**What the exercise asks:** The answer must be an exact copy of the lines from the one containing "a view of walk in closet with empty racks" through the last line of the records, with the pictures left out.

★ ★ ★

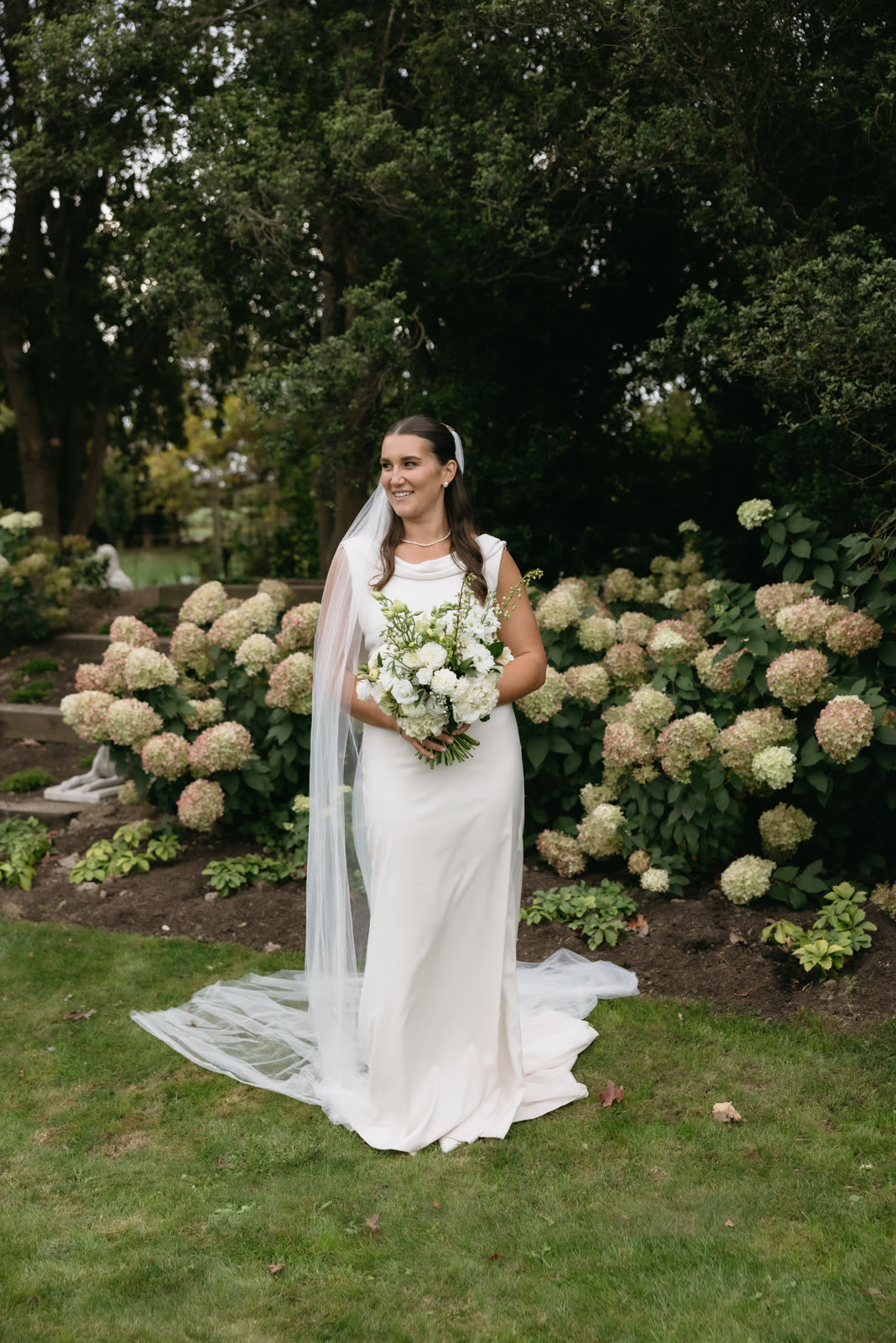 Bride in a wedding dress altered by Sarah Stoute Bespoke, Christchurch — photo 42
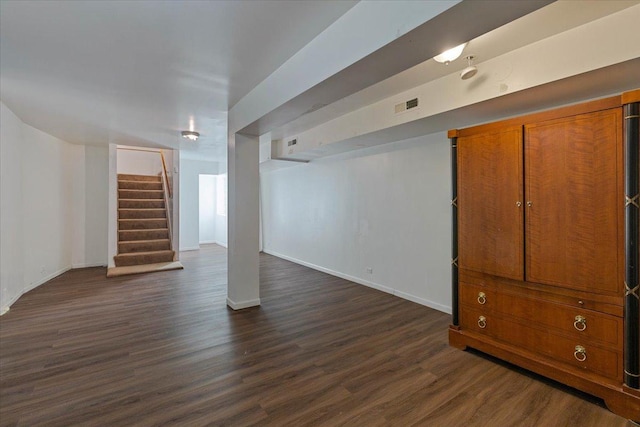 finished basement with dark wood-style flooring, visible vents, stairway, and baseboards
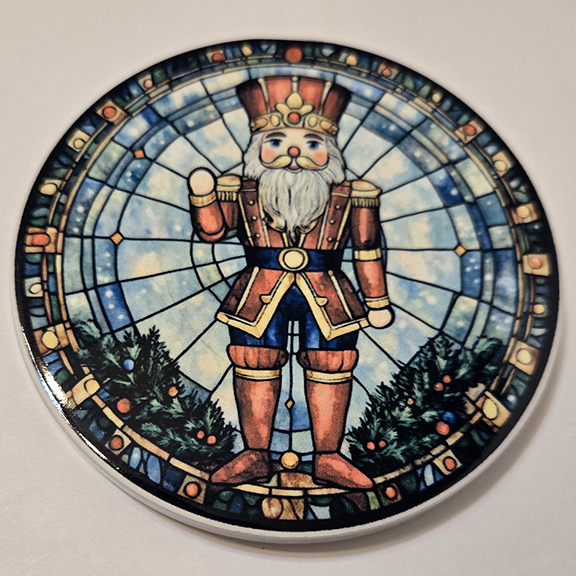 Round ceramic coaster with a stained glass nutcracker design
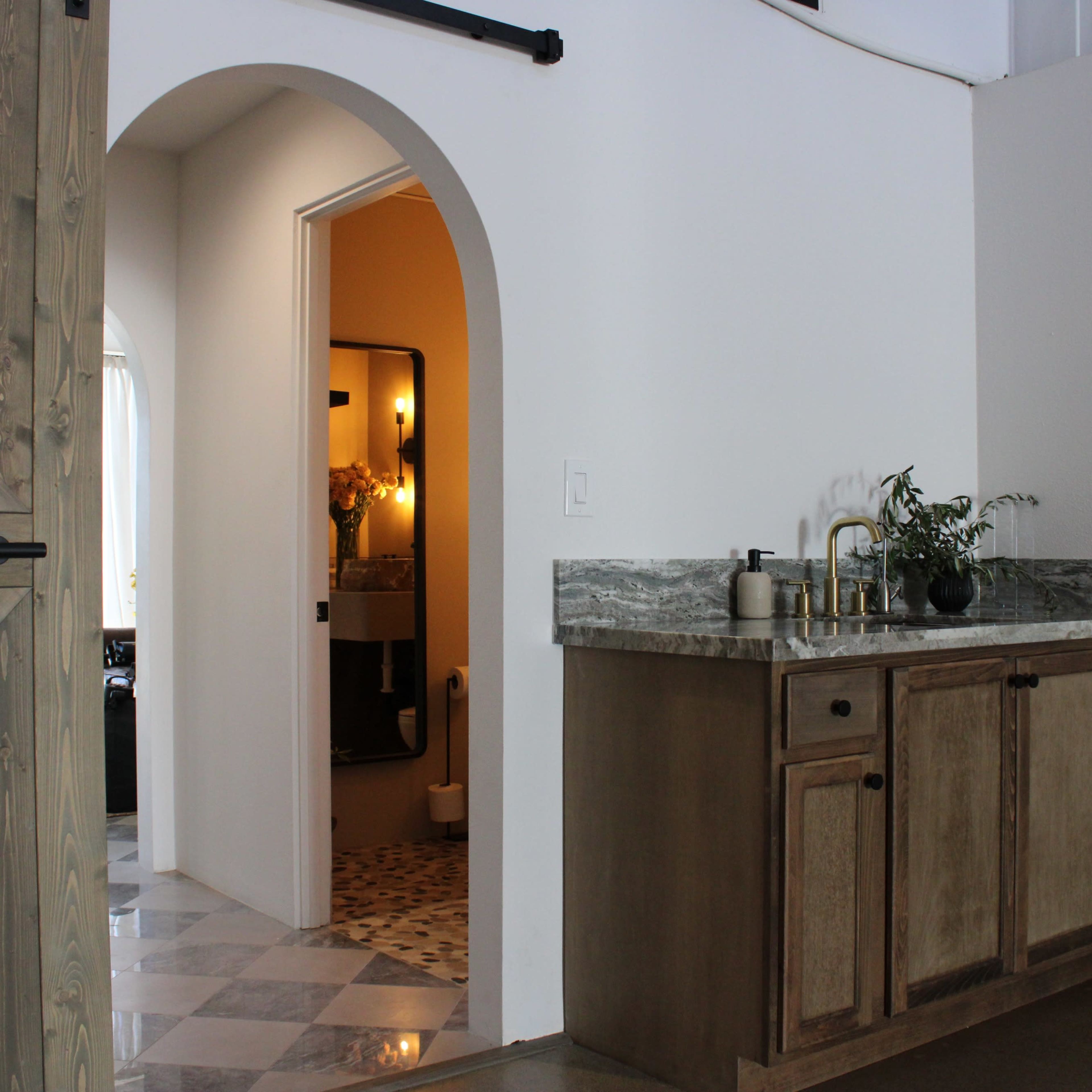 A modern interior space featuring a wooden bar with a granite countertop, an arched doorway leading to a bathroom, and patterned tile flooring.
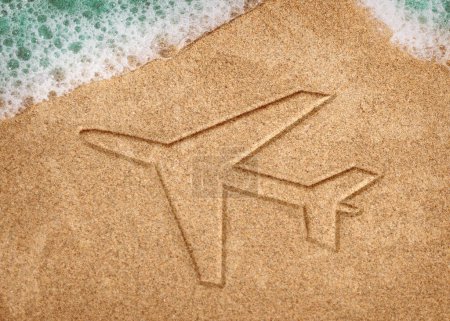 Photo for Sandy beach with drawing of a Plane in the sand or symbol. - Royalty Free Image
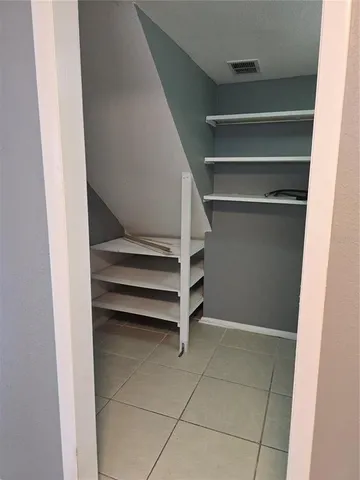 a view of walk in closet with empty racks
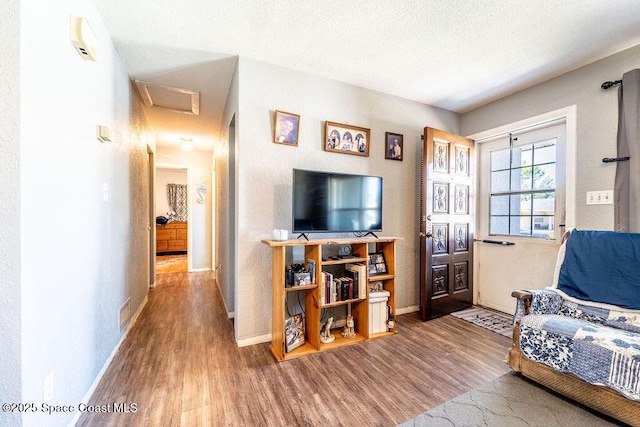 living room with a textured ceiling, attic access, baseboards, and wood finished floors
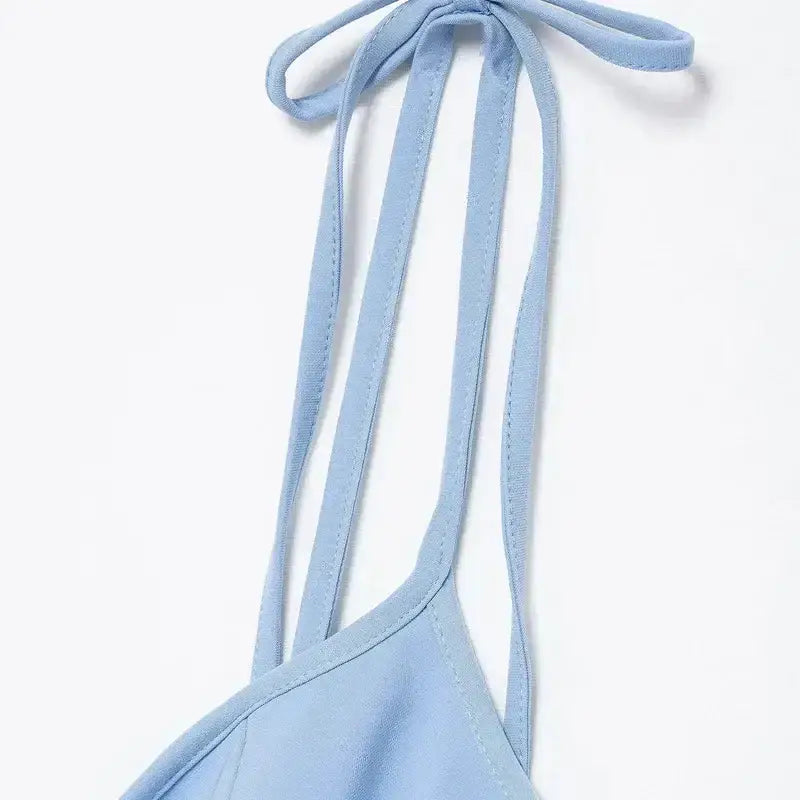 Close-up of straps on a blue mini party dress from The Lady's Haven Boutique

★ ★ ★

**Answer box:**
 a view of walk in closet with empty racks
 living room with a textured ceiling, attic access, baseboards, and wood finished floors
 Close-up of straps on a blue mini party dress from The Lady's Haven Boutique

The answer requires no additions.